DNA-Interkalation: Die Verbindung kann in die DNA intercalieren und so die Genexpression und zelluläre Funktionen beeinflussen.
Wissenschaftliche Forschungsanwendungen
2H-Pyran-2-one, 4-[(4-acetylphenyl)ethynyl]-6-methyl- has several scientific research applications:
Chemistry: It serves as a building block for the synthesis of more complex heterocyclic compounds and can be used in photochemical studies due to its unique electronic properties.
Biology: The compound’s derivatives may exhibit biological activities such as antimicrobial, antiviral, or anticancer properties, making it a candidate for drug discovery and development.
Industry: It can be used in the production of specialty chemicals, dyes, and materials with specific electronic or optical properties.
Wirkmechanismus
The mechanism of action of 2H-Pyran-2-one, 4-[(4-acetylphenyl)ethynyl]-6-methyl- involves its interaction with molecular targets such as enzymes, receptors, or nucleic acids.

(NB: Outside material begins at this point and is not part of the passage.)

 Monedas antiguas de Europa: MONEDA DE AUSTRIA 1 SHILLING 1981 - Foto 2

The compound may exert its effects through:
Inhibition of Enzymes: By binding to the active site of enzymes, it can inhibit their activity and modulate biochemical pathways.
Receptor Binding: Interaction with specific receptors can trigger or block signaling pathways, leading to various physiological effects.

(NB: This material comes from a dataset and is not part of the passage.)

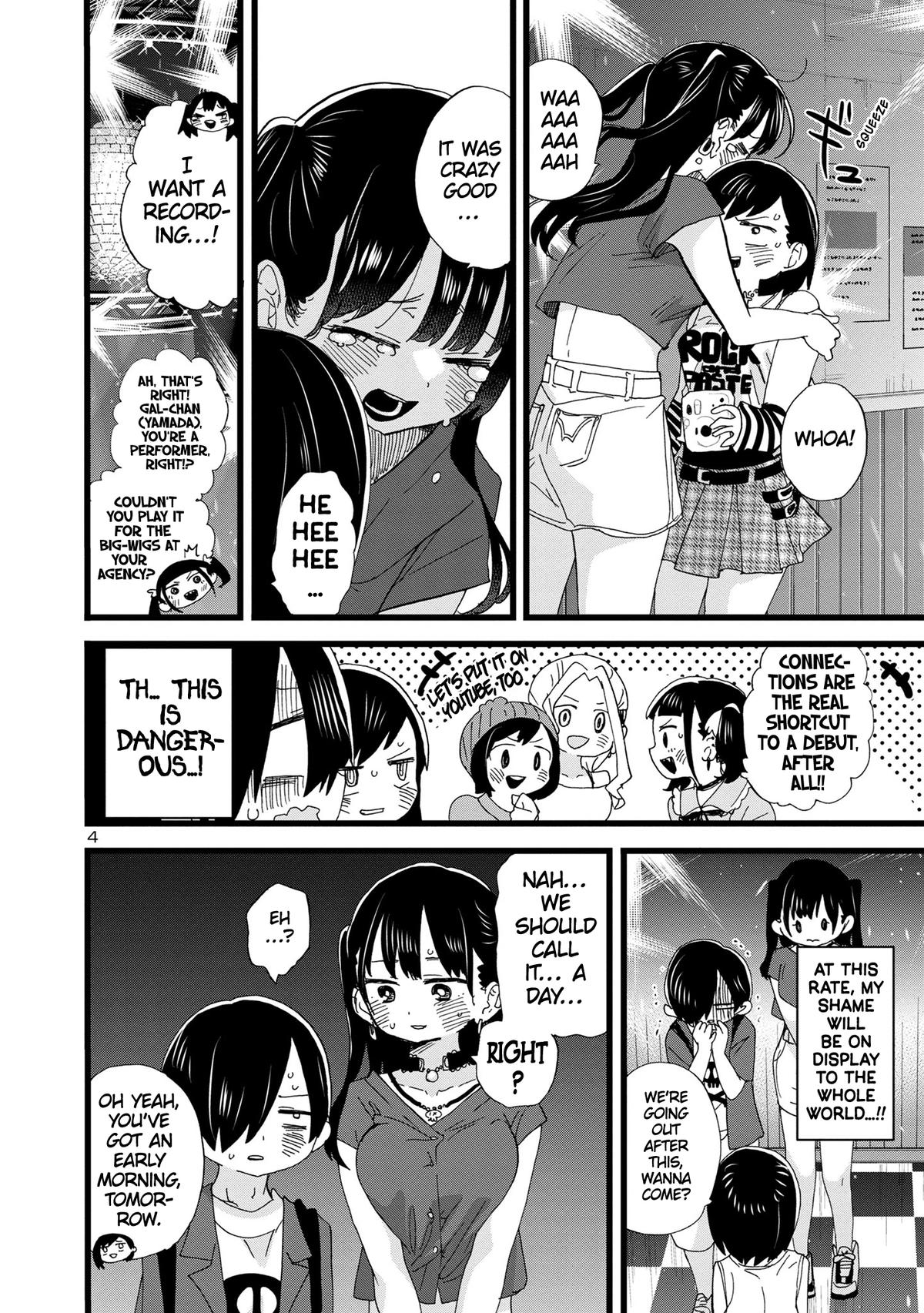 Boku no Kokoro no Yabai Yatsu Chap 128 - Next Chap 129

DNA Intercalation: The compound may intercalate into DNA, affecting gene expression and cellular functions.
Vergleich Mit ähnlichen Verbindungen
Ähnliche Verbindungen
2H-Pyran-2-on: Die Stammverbindung ohne die Acetylphenylethinyl- und Methylsubstituenten.
4-Hydroxy-2H-pyran-2-on: Ein hydroxylsubstituiertes Derivat mit unterschiedlichen chemischen Eigenschaften.
6-Methyl-2H-pyran-2-on: Ein methylsubstituiertes Derivat, dem die Acetylphenylethinylgruppe fehlt.
Einzigartigkeit
2H-Pyran-2-on, 4-[(4-Acetylphenyl)ethinyl]-6-methyl-, ist einzigartig durch das Vorhandensein sowohl der Acetylphenylethinyl- als auch der Methylgruppen, die ihm unterschiedliche elektronische und sterische Eigenschaften verleihen. Diese Modifikationen können seine Reaktivität, Stabilität und potenziellen biologischen Aktivitäten im Vergleich zu seinen einfacheren Analoga verbessern.